* [Aim of the exercise]
Please retype the listing exactly as it appears, skipping each picture.

* [Data below]
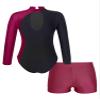 FEESHOW Girls 2Pcs Glitter Long Sleeve Leotards with Shorts Outfits Athletic Unitards Gymnastics Dancewear Clothes Red_A 8 Years view 4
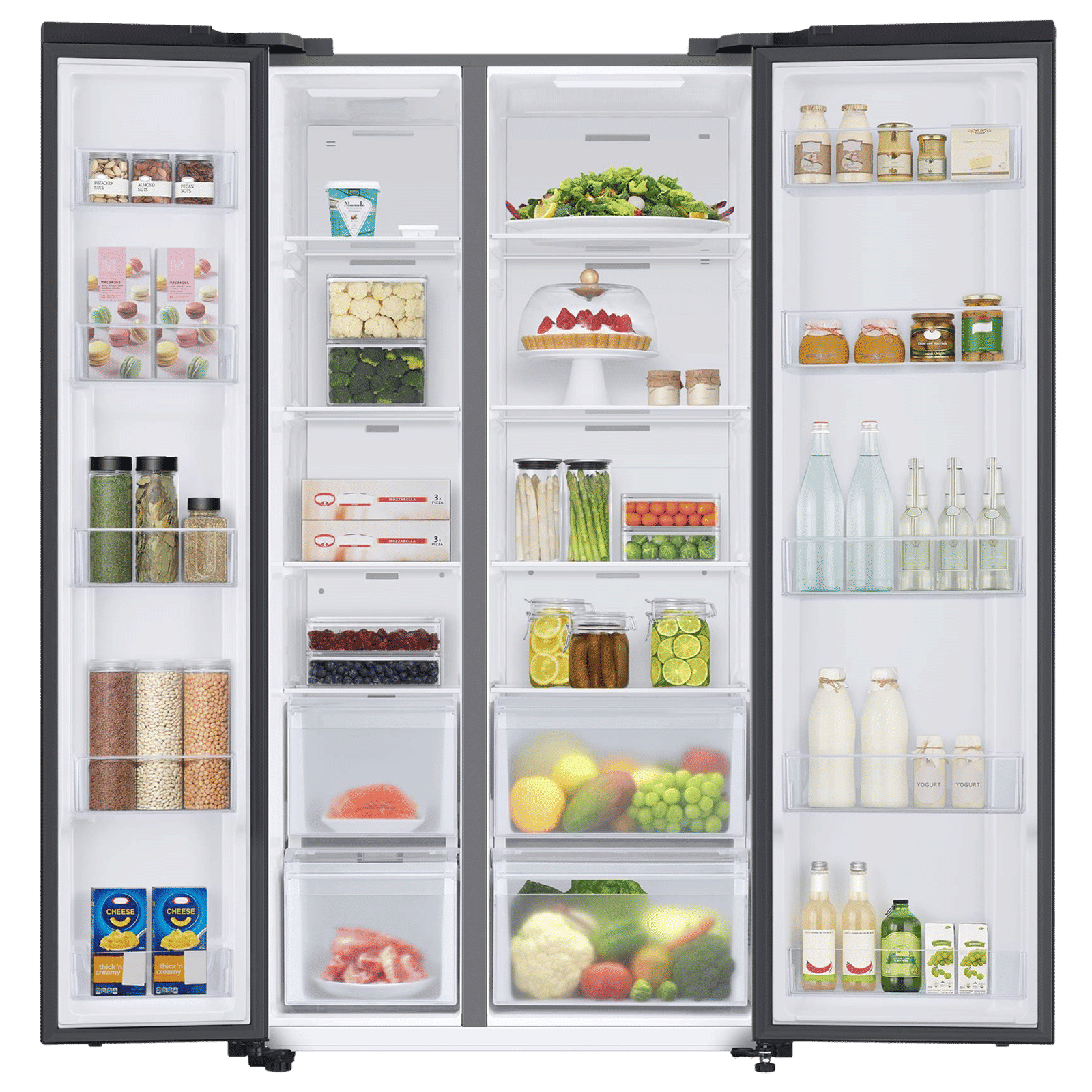 SAMSUNG 653 Litres 3 Star Frost Free Side by Side Refrigerator with Twin Cooling Plus Technology (RS76CG8003B1/HL, Black Matt)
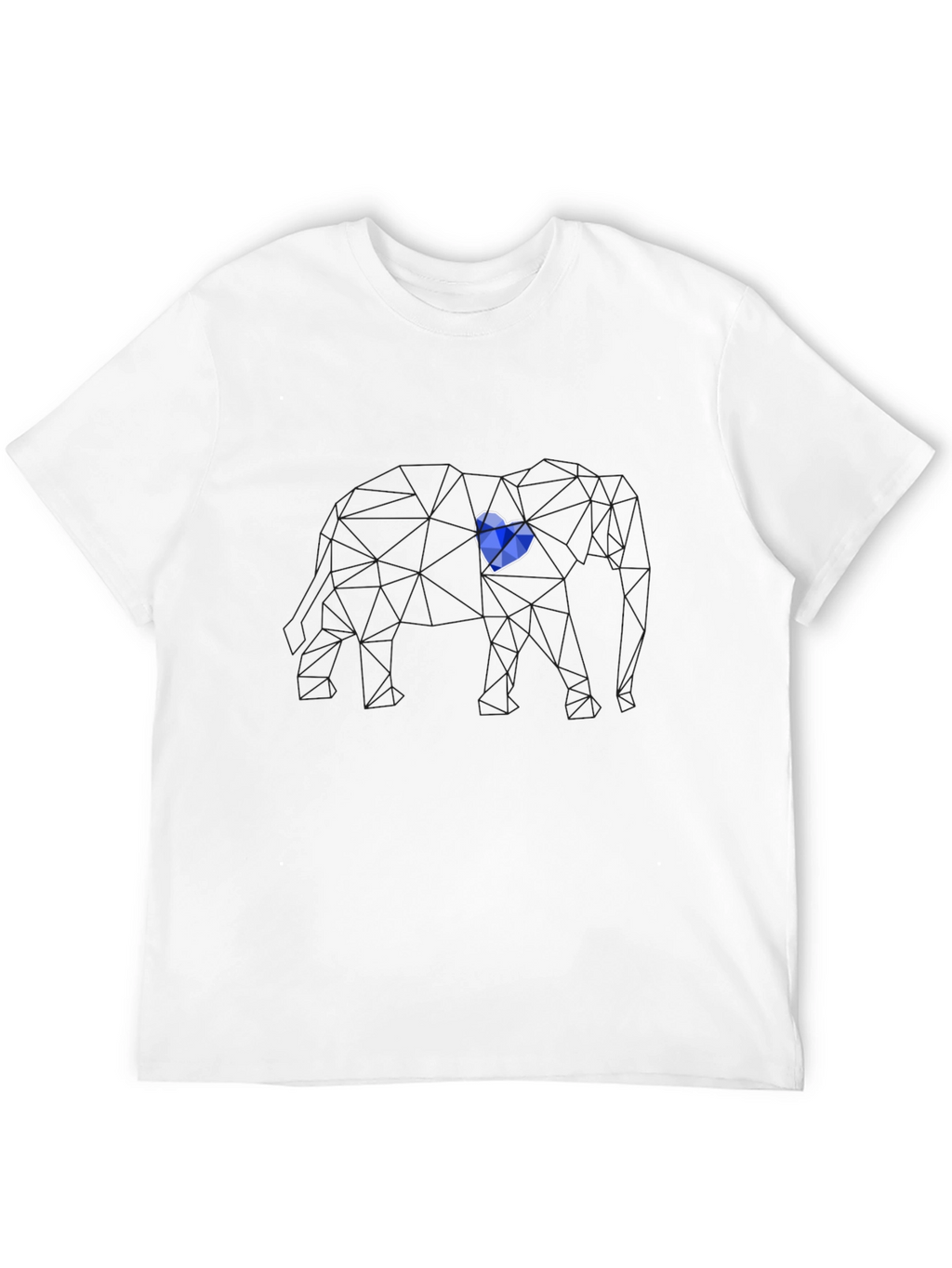 Geometric Elephant Tee - Blue Heart Design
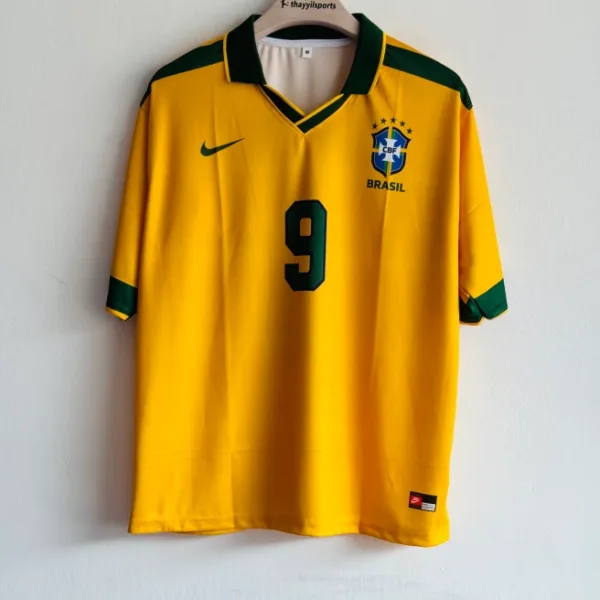 BRAZIL 1997 HOME KIT RONALDO FIVESLEEVE POLO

* [Solution]
 FEESHOW Girls 2Pcs Glitter Long Sleeve Leotards with Shorts Outfits Athletic Unitards Gymnastics Dancewear Clothes Red_A 8 Years view 4
 SAMSUNG 653 Litres 3 Star Frost Free Side by Side Refrigerator with Twin Cooling Plus Technology (RS76CG8003B1/HL, Black Matt)
 Geometric Elephant Tee - Blue Heart Design
 BRAZIL 1997 HOME KIT RONALDO FIVESLEEVE POLO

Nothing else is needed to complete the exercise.